* Your assignment *
Your answer must be the line holding "Building Photo - Stunning" followed by every later line through the end of the entries, exactly as written.

* Records from a dataset *
-- Opening Marker --
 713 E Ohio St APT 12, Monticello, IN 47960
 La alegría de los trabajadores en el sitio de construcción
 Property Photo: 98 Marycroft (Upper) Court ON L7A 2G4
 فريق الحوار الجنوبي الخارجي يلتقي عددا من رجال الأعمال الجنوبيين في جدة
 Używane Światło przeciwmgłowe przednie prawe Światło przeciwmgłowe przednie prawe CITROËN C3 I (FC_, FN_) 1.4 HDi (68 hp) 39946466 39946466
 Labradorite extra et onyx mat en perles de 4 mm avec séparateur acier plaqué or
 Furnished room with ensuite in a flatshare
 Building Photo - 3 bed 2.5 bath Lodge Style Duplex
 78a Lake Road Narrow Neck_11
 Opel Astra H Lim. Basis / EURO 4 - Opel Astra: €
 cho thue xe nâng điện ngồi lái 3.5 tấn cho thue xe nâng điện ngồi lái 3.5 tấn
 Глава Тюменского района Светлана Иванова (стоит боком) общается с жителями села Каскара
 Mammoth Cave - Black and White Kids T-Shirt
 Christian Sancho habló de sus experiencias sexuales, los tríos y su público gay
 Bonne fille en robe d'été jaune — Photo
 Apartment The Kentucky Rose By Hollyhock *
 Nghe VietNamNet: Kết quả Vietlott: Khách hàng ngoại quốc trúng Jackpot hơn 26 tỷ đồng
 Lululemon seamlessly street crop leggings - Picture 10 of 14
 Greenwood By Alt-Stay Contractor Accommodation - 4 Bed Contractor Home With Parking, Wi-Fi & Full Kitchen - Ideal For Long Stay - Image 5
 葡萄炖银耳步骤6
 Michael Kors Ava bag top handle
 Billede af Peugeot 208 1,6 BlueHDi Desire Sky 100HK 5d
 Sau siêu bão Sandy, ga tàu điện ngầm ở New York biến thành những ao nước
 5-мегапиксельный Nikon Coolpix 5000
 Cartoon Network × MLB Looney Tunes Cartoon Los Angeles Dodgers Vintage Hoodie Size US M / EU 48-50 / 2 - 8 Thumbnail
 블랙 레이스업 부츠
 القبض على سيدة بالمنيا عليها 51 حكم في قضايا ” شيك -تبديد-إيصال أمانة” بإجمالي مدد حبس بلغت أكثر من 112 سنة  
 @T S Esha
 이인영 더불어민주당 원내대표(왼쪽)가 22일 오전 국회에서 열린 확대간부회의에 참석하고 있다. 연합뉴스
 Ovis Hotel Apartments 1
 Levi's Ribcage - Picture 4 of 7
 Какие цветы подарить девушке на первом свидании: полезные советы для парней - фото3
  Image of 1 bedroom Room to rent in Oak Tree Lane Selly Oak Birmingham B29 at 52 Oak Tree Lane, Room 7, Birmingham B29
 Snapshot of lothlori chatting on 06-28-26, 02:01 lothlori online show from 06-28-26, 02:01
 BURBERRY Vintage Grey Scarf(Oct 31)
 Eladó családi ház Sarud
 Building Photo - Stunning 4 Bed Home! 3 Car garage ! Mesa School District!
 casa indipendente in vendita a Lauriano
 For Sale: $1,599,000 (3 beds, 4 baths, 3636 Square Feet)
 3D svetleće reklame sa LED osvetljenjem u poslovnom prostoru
-- Closing Marker --
* Task output *
 Building Photo - Stunning 4 Bed Home! 3 Car garage ! Mesa School District!
 casa indipendente in vendita a Lauriano
 For Sale: $1,599,000 (3 beds, 4 baths, 3636 Square Feet)
 3D svetleće reklame sa LED osvetljenjem u poslovnom prostoru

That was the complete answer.